Miranda Popkey’s debut novel, “Topics of Conversation,” weaves a series of narratives over the course of the unnamed protagonist’s post-college life. Most take the form of conversations she has with other women: strangers, friends, her mother, and revolve, at least tangentially, around men. Popkey is interested in teasing out the ways (mostly heterosexual) women are conditioned to experience, or shy away from, desire, power and intimacy—an interesting exercise to be sure, though many of the stories follow a narrow line of powerlessness.

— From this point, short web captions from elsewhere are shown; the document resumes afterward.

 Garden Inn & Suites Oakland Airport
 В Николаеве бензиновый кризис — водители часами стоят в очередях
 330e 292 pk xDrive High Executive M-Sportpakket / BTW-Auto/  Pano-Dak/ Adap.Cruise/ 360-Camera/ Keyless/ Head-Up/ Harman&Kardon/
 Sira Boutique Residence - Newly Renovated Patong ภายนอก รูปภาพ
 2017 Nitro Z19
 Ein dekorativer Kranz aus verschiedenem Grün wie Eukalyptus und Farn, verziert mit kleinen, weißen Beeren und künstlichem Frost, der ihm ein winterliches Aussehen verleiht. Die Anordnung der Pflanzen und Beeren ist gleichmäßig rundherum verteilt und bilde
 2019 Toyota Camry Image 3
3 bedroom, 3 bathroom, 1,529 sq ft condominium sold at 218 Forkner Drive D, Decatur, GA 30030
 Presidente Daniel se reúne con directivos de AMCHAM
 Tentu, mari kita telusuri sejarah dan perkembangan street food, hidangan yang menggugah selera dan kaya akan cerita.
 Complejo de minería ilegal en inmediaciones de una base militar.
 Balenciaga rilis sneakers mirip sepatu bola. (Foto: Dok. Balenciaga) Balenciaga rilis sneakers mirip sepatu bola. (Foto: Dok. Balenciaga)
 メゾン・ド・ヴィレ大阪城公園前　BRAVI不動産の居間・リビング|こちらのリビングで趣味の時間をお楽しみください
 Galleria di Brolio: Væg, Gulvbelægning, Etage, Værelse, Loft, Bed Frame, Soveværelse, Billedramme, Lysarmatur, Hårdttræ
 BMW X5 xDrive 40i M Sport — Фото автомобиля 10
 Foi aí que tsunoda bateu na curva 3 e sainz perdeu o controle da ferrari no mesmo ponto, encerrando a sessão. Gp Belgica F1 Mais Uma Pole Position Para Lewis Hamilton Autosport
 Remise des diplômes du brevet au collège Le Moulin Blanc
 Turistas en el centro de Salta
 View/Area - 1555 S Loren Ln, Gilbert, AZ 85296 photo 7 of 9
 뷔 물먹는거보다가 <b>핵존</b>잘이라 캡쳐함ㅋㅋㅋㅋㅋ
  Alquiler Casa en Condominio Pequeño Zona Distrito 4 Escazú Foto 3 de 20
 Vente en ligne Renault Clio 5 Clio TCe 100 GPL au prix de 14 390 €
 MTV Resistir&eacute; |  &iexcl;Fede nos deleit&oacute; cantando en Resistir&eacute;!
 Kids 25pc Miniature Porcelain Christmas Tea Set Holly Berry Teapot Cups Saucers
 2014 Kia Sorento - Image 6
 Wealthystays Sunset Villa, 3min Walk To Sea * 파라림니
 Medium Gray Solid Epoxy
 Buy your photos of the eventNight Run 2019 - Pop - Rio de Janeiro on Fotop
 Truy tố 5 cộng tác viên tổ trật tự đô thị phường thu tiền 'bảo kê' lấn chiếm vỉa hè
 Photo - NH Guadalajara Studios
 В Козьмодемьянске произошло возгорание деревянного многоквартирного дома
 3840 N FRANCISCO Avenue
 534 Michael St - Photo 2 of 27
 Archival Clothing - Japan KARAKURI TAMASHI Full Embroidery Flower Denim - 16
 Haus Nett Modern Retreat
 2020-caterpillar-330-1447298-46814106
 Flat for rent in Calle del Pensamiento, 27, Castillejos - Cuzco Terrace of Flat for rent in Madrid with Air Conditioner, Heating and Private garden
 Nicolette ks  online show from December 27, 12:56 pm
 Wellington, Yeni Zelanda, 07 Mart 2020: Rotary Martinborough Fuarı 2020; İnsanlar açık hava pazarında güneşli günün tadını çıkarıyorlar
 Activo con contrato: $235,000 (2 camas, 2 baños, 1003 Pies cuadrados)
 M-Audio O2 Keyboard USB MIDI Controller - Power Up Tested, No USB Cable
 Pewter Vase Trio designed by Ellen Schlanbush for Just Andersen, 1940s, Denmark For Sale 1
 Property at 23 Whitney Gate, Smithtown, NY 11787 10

We meet the narrator when she is twenty-one, a graduate student studying English, on vacation in Italy with a classmate, serving as a nanny to the family’s twin boys. She fixates on her classmate’s mother, Artemisia, a stylish and accomplished woman who one night reveals the details about the disintegration of her relationship with her first husband. The story sticks with the narrator, who recalls it some twenty years later, not because of its content, but because in it, Artemisia had constructed a narrative that perfectly fit her idea of herself. The narrator hadn’t yet understood what Joan Didion put so succinctly: We tell ourselves stories in order to live.
For much of the rest of the compact, yet somewhat tedious book, the stories the narrator tells are excruciating. She makes bad decision after bad decision, painting herself largely as unlikable, which is refreshing in its own way. She’s not hiding or sweetening her mistakes (cheating on her husband, getting drunk and leaving her son in the care of a sitter for far too long); she’s not building up to a redemption story. Still, it can be hard to comprehend the things she rails against: a husband who is beyond understanding, parents who financially support her, and especially her son, who has done nothing wrong.
The narrator never finishes her dissertation, although she often reads as a privileged grad student. Near the end of the book, she’s hanging out with a group of other single mothers, mostly legal secretaries like herself, when she notes, “I do tend to think I’m the smartest person in every room and it doesn’t help that lately I have been.” Earlier, she and a friend poke fun at a Sophie Calle-inspired art exhibition, calling it “a little obvious.” They seem to be incapable of comprehending the artist’s vulnerability. Instead, they shun it with their aloofness.
The book’s conversational style also follows these lines of pretension. She includes the most damning details of those she wants to eviscerate, and is often wordy, with many asides and interruptions. How her mother downs four gin-and-tonics over the course of a single story. Or, describing a mother who couldn’t get her child to latch: “Not just her breasts seemed shriveled, her face, too.” She is cruel and cold, and incapable of real intimacy for most of the 200-plus pages, until very late in the game when she quits drinking, and allows herself to feel real tenderness for her son.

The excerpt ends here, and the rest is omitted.